Joe: Man, they are singing Soul or doowop with a Latin feel. Caught my eye, and caught my soul too, because I was of Latin descent. I used to listen on the congas -- I said I can play to this. I started playing it and being more involved with the Boogaloo and as the Boogaloo evolved it turned into more of a Salsa thing that's when people like Eddie Palmieri and Willie Colon started coming out the woodworks. Playing Boogaloo too, they started off playing Boogaloo -- Lebron Brothers, they all started playing Boogaloo and evolved to Salsa where they added more Jazz, more complex rhythms, more Cuban rhythms, more African rhythms. It was like -- Salsa was a mixture, and when people say what Salsa is, it's from New York. I have no doubt about it, because I lived it. It was just a cultural mixture of blacks, Jazz music, white music, any type of music. It was a New York City project – that's what Salsa was. All the influence was from people in New York City. It got big, and it got bigger and bigger. It got so big that it was hard to get into bands! I started playing congas at 18 or 19, and I was trying to get into bands. But I wasn't a responsible guy at that time. I was more into what the other stuff that the hippies do!
Hugh: Oh Really?
Joe: Yeah, like smoke and hangout, and stuff. I really wasn't going anywhere I graduated college. I was a good athlete playing basket ball all the time, and even baseball, I was on a baseball team. Not really involved in that either. It wasn't till I was about 20 years old hanging out in New York -- I was a little gang banger -- I had my gangbanger days, too. My parents noticed that I wasn't going anywhere. They decided to move to Miami, and they said Joe, either you stay here by yourself, or you go with us. I couldn't afford to stay in New York by myself, so I came down here to Miami. Remember -- I was a street kid, my rhythms were street, everything I learned was just street, even my basketball playing days I was just a street basketball player. Came down here, I was bored as hell. I missed the inner city -- there was a big difference between the inner city and Miami at that time. Talking about middle 70's.

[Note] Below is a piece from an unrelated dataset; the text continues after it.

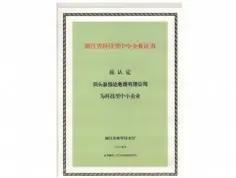 浙江省科技型中小型企业证书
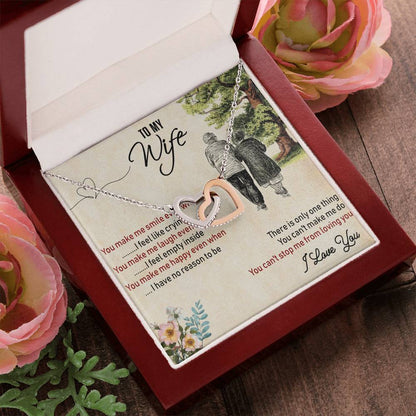 To My Wife Interlocking Hearts Necklace Message Card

Hugh: Probably a bit more boring down here I would guess.
Joe: Oh yeah -- it was like night and day. From a street kid in Brooklyn to coming out here. Now my needs have changed, it's evolved. At that time, it was different.
Hugh: Like, lots of flat land stretching out so far and wide.
Joe: I decided to go to college. My mother said, why don't you go to college. I had my degree in high school -- I just finished high school, I only missed it by one year. I'll try college... I used to play basketball, but the only place to play was Miami Dade College Gymnasium. Remember, I was a New York City street basketball player so I was pretty good. I was dogging everybody on there! This guy came up to me and said hey, would like to try out for the team? I didn't know he was the coach for Miami Dade. Who'd you play for? I said I never played high school, just the street. I played in tournaments in New York. He said why don't you come out for the team? Fall came, and I made the team -- he liked my skills, and gave me a full ride scholarship to Miami Dade College!
Hugh: Wow, fantasitic!
Joe: Well, what do I want to major in? I love music, I love the congas, let me try music. Little did I know, there were no congueross down here at the time who were very accomplished. I didn't know how to read music, except for the sax. What do I love? The piano! So I tried it on the piano. I took classical piano for two years -- all the rudiments. I remember the lady named Ms. Burr... I got my fingers so phew they were flying on the piano at the time. I got pretty good at piano! I took up theory, and my horizons in music got broader.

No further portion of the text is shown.